_TASK ITEM_
Would you please repeat exactly the lines from the one containing "Mercedes-Benz C 180" to the end of the records, both included, and leave out the rest?

--------------------

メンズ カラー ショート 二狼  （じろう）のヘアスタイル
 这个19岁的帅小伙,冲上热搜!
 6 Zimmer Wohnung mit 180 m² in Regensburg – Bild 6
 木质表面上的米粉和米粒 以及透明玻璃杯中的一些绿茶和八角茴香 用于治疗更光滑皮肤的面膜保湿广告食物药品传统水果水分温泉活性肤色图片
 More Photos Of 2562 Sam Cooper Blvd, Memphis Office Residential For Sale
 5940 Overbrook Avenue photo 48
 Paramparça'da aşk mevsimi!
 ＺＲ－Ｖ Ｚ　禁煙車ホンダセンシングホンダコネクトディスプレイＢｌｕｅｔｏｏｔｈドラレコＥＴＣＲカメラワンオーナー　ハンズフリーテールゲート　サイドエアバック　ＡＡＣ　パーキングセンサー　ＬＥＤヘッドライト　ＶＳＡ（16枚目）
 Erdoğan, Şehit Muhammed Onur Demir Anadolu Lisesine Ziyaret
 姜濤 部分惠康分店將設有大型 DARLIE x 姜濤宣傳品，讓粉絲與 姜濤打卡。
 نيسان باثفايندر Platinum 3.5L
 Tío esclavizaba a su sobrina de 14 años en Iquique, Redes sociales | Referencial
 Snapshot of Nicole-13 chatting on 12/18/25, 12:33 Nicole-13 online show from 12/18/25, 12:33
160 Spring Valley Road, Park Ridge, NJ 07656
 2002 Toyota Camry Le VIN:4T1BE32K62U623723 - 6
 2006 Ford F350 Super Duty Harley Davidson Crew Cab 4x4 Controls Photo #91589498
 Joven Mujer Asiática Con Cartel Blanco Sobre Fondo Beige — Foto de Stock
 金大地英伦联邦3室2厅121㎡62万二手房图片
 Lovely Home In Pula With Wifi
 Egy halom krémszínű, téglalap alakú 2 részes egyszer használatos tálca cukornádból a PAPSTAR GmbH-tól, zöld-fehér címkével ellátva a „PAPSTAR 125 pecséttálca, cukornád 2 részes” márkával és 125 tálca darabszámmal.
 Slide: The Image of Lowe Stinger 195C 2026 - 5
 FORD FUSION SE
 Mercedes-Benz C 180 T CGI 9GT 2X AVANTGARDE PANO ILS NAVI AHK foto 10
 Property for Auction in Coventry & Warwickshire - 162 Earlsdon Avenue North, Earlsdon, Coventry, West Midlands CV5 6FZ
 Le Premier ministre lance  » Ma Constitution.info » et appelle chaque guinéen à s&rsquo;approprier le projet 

--------------------

_SOLVED PROBLEM_
 Mercedes-Benz C 180 T CGI 9GT 2X AVANTGARDE PANO ILS NAVI AHK foto 10
 Property for Auction in Coventry & Warwickshire - 162 Earlsdon Avenue North, Earlsdon, Coventry, West Midlands CV5 6FZ
 Le Premier ministre lance  » Ma Constitution.info » et appelle chaque guinéen à s&rsquo;approprier le projet 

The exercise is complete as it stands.